■ **WHAT YOU WILL DO**
Leave the pictures out, and transcribe the material below exactly from the line with "Organic Fruit Box with Sympathy Ribbon" to the line with "Statement Gold Pearl Necklace Body Chain", both lines included.

■ **TASK INPUT**

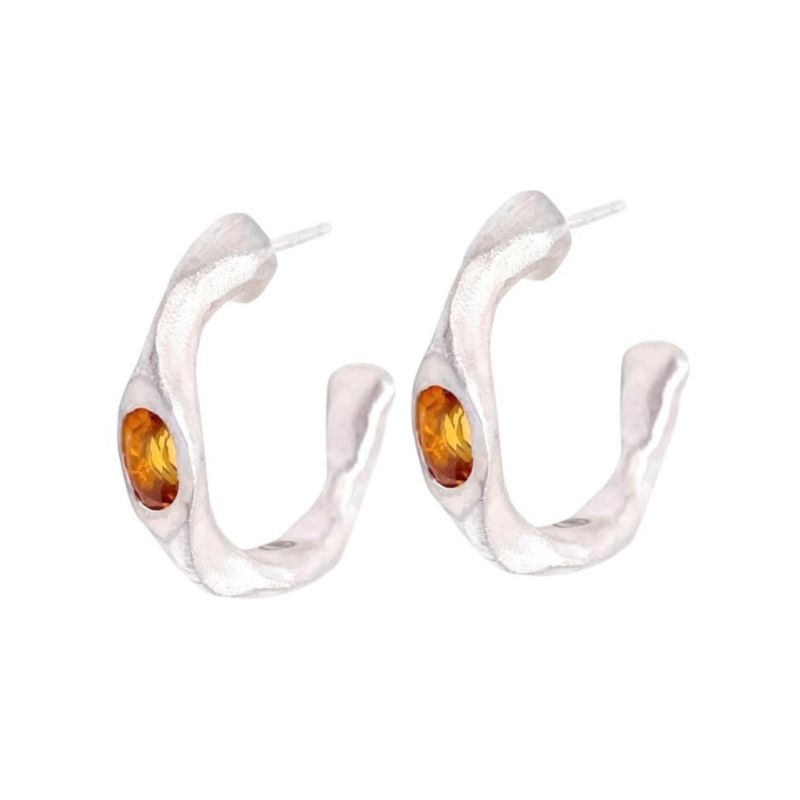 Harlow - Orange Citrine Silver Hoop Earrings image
==
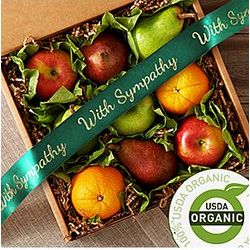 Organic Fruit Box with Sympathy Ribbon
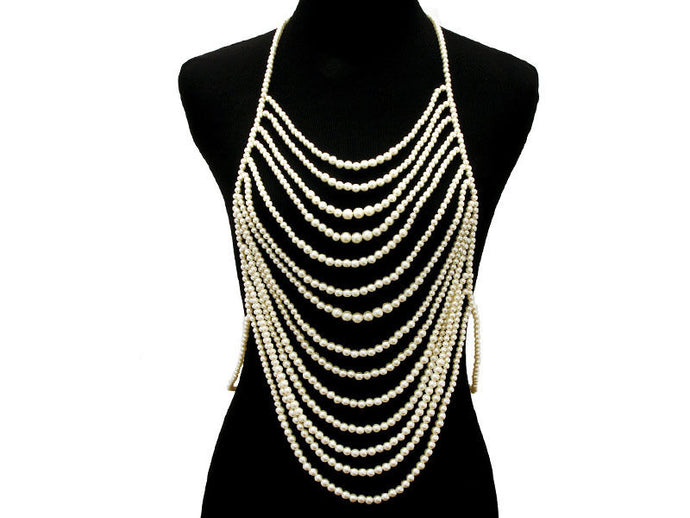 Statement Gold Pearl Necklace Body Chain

■ **RESULT FOR THIS EXERCISE**
 Organic Fruit Box with Sympathy Ribbon
 Statement Gold Pearl Necklace Body Chain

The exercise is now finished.